[Task objective] All of the entries below are to be copied word for word.

:: Supplied data

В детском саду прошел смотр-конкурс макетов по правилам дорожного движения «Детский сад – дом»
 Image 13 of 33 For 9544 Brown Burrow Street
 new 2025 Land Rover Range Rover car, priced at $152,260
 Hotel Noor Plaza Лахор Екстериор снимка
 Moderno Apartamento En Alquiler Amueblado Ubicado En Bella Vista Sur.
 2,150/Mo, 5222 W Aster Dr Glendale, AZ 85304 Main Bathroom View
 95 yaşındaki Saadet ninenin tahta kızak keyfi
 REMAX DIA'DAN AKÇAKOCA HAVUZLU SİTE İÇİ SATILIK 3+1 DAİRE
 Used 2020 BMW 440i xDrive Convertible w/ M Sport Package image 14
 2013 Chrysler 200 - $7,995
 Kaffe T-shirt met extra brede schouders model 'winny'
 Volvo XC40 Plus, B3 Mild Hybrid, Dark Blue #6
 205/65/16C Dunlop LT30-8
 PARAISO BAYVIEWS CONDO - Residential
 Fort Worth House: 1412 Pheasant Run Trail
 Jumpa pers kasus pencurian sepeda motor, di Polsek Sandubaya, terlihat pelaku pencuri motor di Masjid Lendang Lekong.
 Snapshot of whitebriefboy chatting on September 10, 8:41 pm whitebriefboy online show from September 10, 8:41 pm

::::

[Solution for this exercise]
В детском саду прошел смотр-конкурс макетов по правилам дорожного движения «Детский сад – дом»
 Image 13 of 33 For 9544 Brown Burrow Street
 new 2025 Land Rover Range Rover car, priced at $152,260
 Hotel Noor Plaza Лахор Екстериор снимка
 Moderno Apartamento En Alquiler Amueblado Ubicado En Bella Vista Sur.
 2,150/Mo, 5222 W Aster Dr Glendale, AZ 85304 Main Bathroom View
 95 yaşındaki Saadet ninenin tahta kızak keyfi
 REMAX DIA'DAN AKÇAKOCA HAVUZLU SİTE İÇİ SATILIK 3+1 DAİRE
 Used 2020 BMW 440i xDrive Convertible w/ M Sport Package image 14
 2013 Chrysler 200 - $7,995
 Kaffe T-shirt met extra brede schouders model 'winny'
 Volvo XC40 Plus, B3 Mild Hybrid, Dark Blue #6
 205/65/16C Dunlop LT30-8
 PARAISO BAYVIEWS CONDO - Residential
 Fort Worth House: 1412 Pheasant Run Trail
 Jumpa pers kasus pencurian sepeda motor, di Polsek Sandubaya, terlihat pelaku pencuri motor di Masjid Lendang Lekong.
 Snapshot of whitebriefboy chatting on September 10, 8:41 pm whitebriefboy online show from September 10, 8:41 pm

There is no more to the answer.